Hot Topics in Insurance Law in the Sunshine State: Impacts of Florida Insurance Code Reforms on the Market and in the Courts, and the Expansion of AI
With the legislative reforms of 2022 and 2023 and the rise of artificial intelligence (AI), it is undeniable that the Florida insurance market and legal practice are remarkably different from just a few years ago.
Impact of 2022 and 2023 reforms – a recovering market
Florida is the seventh largest international insurance market, with a gross domestic product exceeding USD1.7 trillion. But for the last two decades, Florida’s insurance market was unwell, shackled by arguably the most aggressive insurance litigation environment in the United States. In 2022 and 2023, after numerous failed previous attempts, the Florida Legislature passed substantial reforms aimed at righting Florida’s insurance market.

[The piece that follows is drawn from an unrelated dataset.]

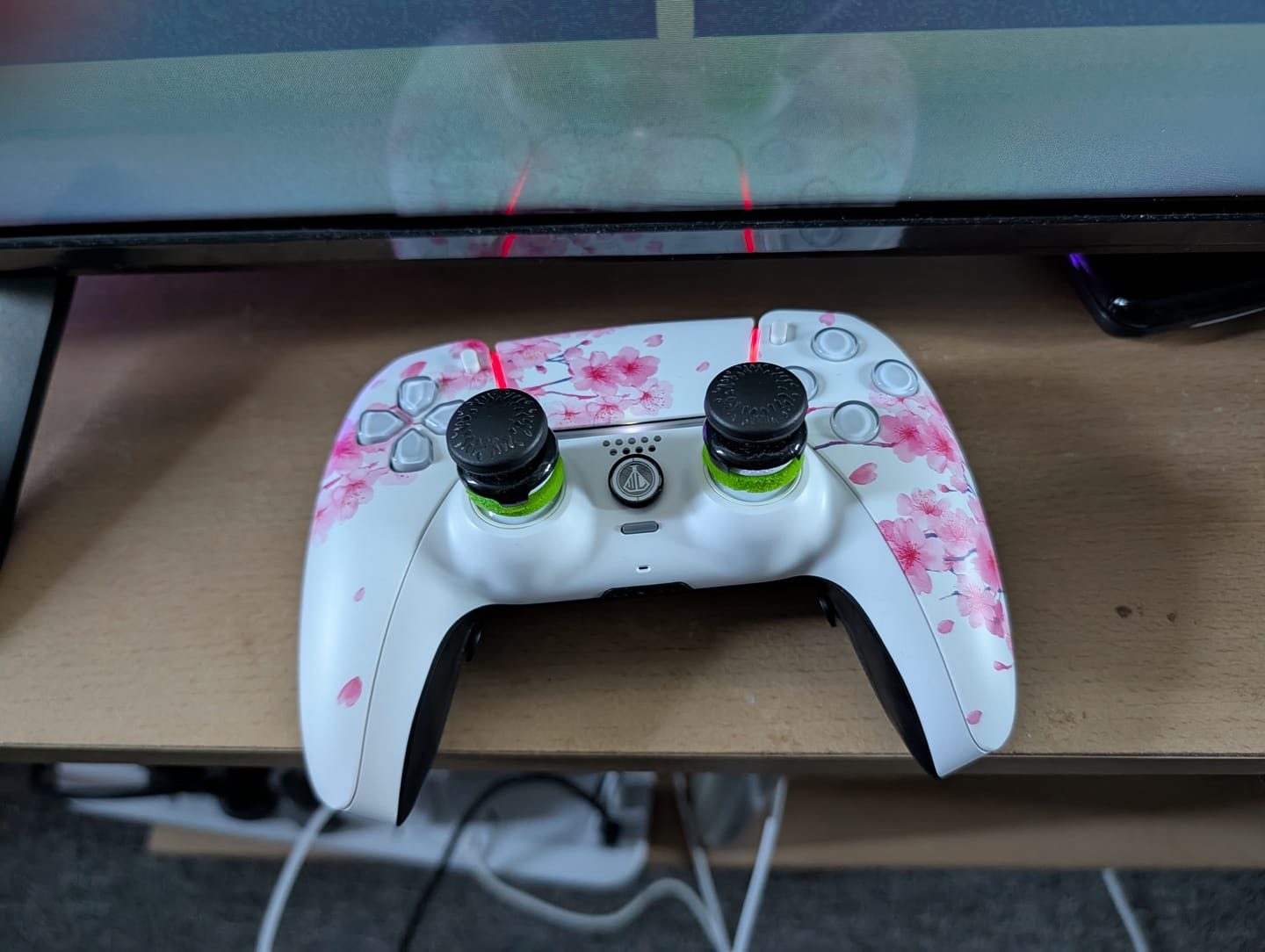 Customer photo review of Custom PS5 Pro Controller – Sakura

What is very clear today is that Florida’s recent insurance reforms have been a success. The impacts of the 2022 and 2023 legislative actions in Florida are restoring consumer confidence in the insurance industry and attracting private insurance companies back to the state. Florida’s insurance department has reported that, to date, 17 new insurance carriers have entered the Florida market since the historic reforms (see House of Representatives, Insurance & Banking Subcommittee, Meeting Packet for 18 November 2025, at 3 (18 November 2025)). A shift towards a more competitive and consumer-friendly insurance market in Florida is being seen.
In November 2025, Florida Insurance Commissioner Michael Yaworsky presented to both insurance committees of the state legislature to report on the impact of the recent reforms. Based on the statistics presented, Yaworsky demonstrated to the House Insurance & Banking Subcommittee and the Senate Banking and Insurance Committee that the consumer and litigation reforms have been successful. The reforms have led to rate decreases in both property and automobile policies, more options for homeowners’ insurance and lower reinsurance rates. The reforms have further seen a return to profitability for insurance companies and the successful depopulation of the taxpayer-backed “insurer of last resort”, Citizens Property Insurance Corporation.
Yaworsky also provided data showing that the property insurance market as a whole is on the road to recovery. Florida’s insurance companies writing the state’s 7.6 million residential policies are now financially sound, with positive net income and underwriting gains, compared to 2017–22, when net income and underwriting gains had been negative in Florida for seven straight years. Average personal residential property insurance rates are decreasing, even despite inflation, and the average homeowner’s insurance rate requests are also dropping (see House of Representatives, Insurance & Banking Subcommittee, Meeting Packet for 18 November 2025, at 8 (18 November 2025)).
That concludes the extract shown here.